It’s not been a good week for cycling. Last week, I went out on my bike only to turn around after 2 miles with a bad knee, and I haven’t really been out since. Google, in their infinite wisdom have taken a disliking to cycling info, decreasing search results. I found a biography of Eddy Merckx so low, it was under the 15th different option to buy a book online. I was annoyed so deleted the post, and moved it to my biography site, which is strangely doing quite well. Perhaps, when Google say they don’t want boring duplicate content, they didn’t mean you should start making jokes at the expense of famous Americans, even if you do disguise it with semi-antiquarian old English.

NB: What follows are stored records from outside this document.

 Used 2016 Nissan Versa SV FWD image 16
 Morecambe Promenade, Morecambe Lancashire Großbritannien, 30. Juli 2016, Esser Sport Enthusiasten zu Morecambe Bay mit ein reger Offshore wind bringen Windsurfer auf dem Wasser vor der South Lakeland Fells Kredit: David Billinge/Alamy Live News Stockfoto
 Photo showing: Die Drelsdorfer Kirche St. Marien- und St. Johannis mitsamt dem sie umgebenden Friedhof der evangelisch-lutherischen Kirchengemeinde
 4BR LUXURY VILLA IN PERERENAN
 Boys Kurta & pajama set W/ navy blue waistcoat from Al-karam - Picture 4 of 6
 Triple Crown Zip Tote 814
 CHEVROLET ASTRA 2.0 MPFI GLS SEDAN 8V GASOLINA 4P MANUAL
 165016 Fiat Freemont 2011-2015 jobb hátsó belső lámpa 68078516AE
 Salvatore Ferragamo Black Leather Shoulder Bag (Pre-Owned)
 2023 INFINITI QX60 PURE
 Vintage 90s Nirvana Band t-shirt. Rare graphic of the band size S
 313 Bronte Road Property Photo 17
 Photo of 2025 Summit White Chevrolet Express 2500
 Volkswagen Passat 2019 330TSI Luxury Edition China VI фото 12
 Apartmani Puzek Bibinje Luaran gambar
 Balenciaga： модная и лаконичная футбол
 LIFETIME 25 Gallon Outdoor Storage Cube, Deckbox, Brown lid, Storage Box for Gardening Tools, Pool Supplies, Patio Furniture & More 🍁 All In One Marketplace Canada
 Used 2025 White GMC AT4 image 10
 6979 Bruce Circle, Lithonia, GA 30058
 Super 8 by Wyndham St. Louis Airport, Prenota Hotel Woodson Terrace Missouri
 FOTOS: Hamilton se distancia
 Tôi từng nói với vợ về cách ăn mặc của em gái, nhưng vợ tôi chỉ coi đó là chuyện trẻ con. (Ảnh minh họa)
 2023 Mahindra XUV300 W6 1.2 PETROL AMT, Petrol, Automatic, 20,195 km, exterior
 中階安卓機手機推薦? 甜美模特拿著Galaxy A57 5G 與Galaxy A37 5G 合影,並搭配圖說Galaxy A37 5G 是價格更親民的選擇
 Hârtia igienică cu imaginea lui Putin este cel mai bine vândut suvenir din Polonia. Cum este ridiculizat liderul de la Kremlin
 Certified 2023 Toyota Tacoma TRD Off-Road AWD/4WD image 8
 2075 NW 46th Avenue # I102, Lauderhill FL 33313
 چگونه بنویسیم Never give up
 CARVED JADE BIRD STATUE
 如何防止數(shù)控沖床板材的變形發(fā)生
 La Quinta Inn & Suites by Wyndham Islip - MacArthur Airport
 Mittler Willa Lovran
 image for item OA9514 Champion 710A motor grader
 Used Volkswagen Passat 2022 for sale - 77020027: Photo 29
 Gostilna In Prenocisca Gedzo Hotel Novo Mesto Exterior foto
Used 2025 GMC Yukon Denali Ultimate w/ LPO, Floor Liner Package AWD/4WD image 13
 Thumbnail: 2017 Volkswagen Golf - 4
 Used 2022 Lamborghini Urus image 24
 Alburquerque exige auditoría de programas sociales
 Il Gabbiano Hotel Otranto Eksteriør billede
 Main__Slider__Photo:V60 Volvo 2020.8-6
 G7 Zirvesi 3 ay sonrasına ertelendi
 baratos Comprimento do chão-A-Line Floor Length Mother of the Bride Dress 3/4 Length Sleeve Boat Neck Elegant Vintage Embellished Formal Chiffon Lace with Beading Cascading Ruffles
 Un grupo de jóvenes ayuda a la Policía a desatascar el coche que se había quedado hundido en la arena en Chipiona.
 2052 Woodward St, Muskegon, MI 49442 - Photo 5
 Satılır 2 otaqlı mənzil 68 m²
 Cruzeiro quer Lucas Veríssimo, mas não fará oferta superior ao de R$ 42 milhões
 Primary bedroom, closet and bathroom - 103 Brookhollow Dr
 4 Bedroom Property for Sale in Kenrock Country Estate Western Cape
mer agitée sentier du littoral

On the positive side, an investigation into the state of cycling facilities, has found, on average, the government spend about £1-£2 per person in the UK. This paltry sum has also been found to discourage anyone cycling in the first place. Which, in government circles is widely believe to make life easier all round.
At least, we can rely on the local council. The freedom of information act, found that my local Oxfordshire county council spend 0.2% of their small transport budget on cycling. It brings a whole new dimension to the game, where does all the money go?
Can you spot the 0.2% of the transport budget?
Gov, can you spare any change for a pot of green cycle lane paint?
Maybe, with the Welfare state reaching a total of £200 bn the solution is to campaign for a new welfare benefit for cyclists. After all, we are a disadvantaged social group with a pressing economic justification for subsidy. If the money isn’t there, we could just tax a few multinationals who fiddle their taxes from Bermuda. Google have lots of cash lying around in the Bermuda Triangle or so I here on the old t’internet.
I propose the cycling benefit be given to anyone who can prove they don’t drive to work, but rely on old fashioned pedalling.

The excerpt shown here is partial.